Quant au fameux site uranifère d’Imouraren, conquis de haute lutte par le géant nucléaire tricolore, son exploitation à l’horizon 2012 ne sera pas de tout repos. D’autant que le régime Tandja peine à réduire la rébellion touarègue du Mouvement des Nigériens pour la justice (MNJ).

"Sans issue politique, que Niamey récuse, difficile d’isoler les bandits des authentiques militants. Et impossible d’assurer la sécurité de l’extraction. Il suffit de trente types armés et motivés pour mettre le bazar. Et croyez-moi : malgré les scissions et les dissidences, le pouvoir n’est pas prêt d’anéantir le noyau dur des insurgés." A l’heure où, sur les berges du Niger, les ombres s’allongent, on sacrifie à l’ultime rituel des raids présidentiels : la conférence de presse finale. Quatre questions, pas une de plus, tel est le tarif. Deux pour la presse locale, deux pour les médias français. Sans doute Sarkozy aperçoit-il au loin les lueurs de "l’écurie". Il excelle dans cet exercice, quitte à donner du "Mamadou" à son voisin de tribune, formule un rien familière.

On apprendra au passage que ledit Mamadou -Tandja- ne bricolera "jamais" la Constitution du Niger pour briguer un troisième mandat. Mais que, au fond, si le peuple et l’Assemblée nationale l’implorent de prolonger le bail de trois ans, histoire d’achever les chantiers engagés...

On apprendra aussi, de la bouche de Sarko cette fois, que la France tient à "reprendre toute sa place en Afrique, mais sur de nouvelles bases". Acceptons-en l’augure, dès lors que la tiédeur du soir qui tombe invite ici à la mansuétude.

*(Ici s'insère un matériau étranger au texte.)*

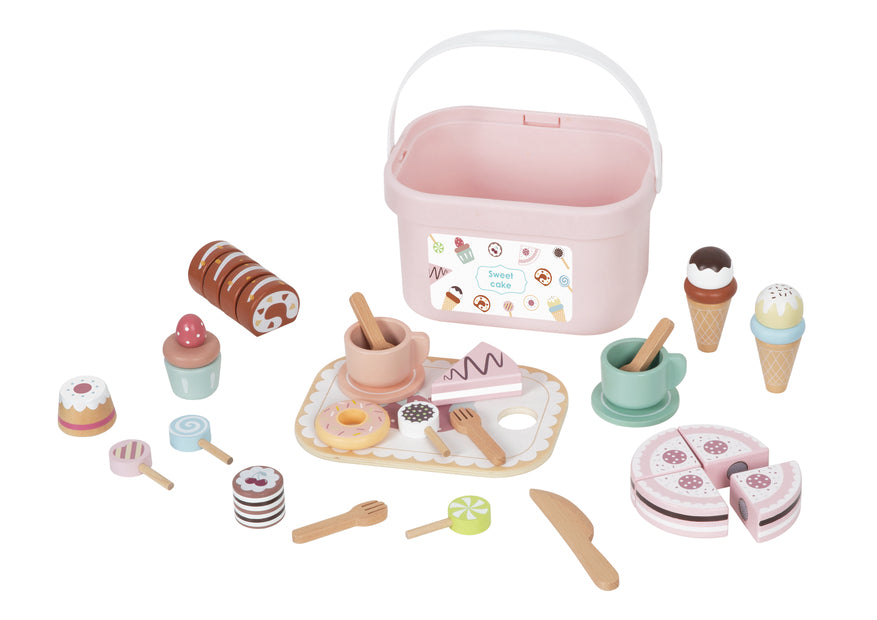 Παιδικό παιχνίδι ξύλινο σετ τσαγιού και γλυκών +3 ετών 21,8x15,4x12cm Tooky Toy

On apprendra enfin que Paris prétend instaurer avec Niamey un "partenariat stratégique de long terme". Hélas, à l’heure de prendre congé, les deux présidents cèdent aux attraits frelatés du jargon des "winners". Ce sera, jurent-ils, du gagnant-gagnant. Ce qui hélas, dans le désordre du monde, s’apparente au gaga-gnangnan.